Review is down right now, so you may not be able to get a look.

------
c-oreills
A Mafia game (<http://en.wikipedia.org/wiki/Mafia_(party_game)>) webapp that
allows real time games between strangers.

Because there just isn't enough shady intrigue on the web!

------
agentultra
Adding support for JSON-RPC in Pylons.

Eventually this will lead to integrating pyjamas as an alternative to
templating for pure-AJAX applications. This will mean adding a setuptools
plugin for compiling the pyjamas client before packaging the application,
creating a paster template for generating the project structure, and extending
the test framework to support functional tests.

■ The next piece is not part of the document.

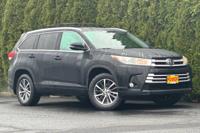 2017 Toyota Highlander AWD All Wheel Drive XLE SUV ((CALL FOR PRICE)) - Image 3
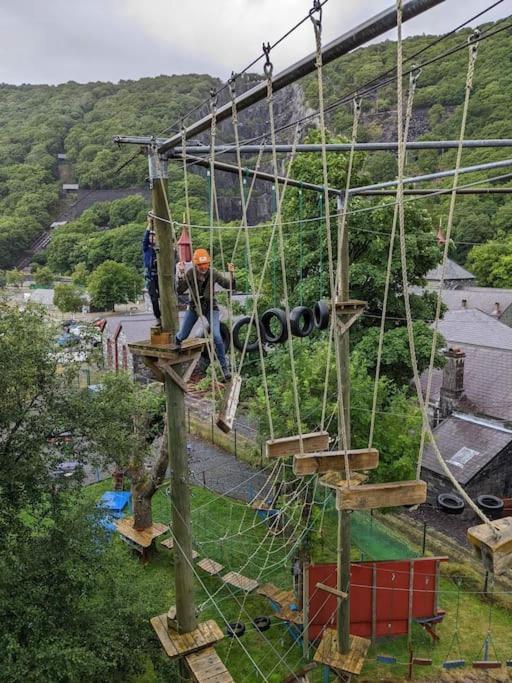 Perfect For Snowdon. Groups, Families+Dogs Welcome لانبرس المظهر الخارجي الصورة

It might mean creating yet another framework built on pylons, but I'm hoping
it will get folded into Pylons proper so that I don't have to maintain a
separate project.

<http://bitbucket.org/agentultra/pylons/overview>

------
buro9
Reporting for SharePoint... trying to federate multiple instances and make
sense of the fact that every site/list has a different schema of potentially
the same data. So it's a foray into reporting against federated semi-
structured data.

------
reduxredacted
I'm working with a friend on a text based bulletin board system written in C#
that uses SSH rather than Telnet or a modem and supports many of the features
of an early 90's -ish DOS based Dial-up BBS.

... I and a few of my friends miss the old days so we'll probably be the only
ones to make reasonable use of it, but it's a fun hack project for me and I'm
learning a lot about SSH in the process. It's not OpenTG and I'm not that
developer (he's doing one in Ruby so his project is probably more interesting
to folks around here). Still in the very early stages so nothing works yet and
I don't have a code repo setup.

------
jtchang
An online tool to do business intelligence and analytics that doesn't require
a team of consultants to setup.

Should add that I am looking for a cofounder so post/msg if interested.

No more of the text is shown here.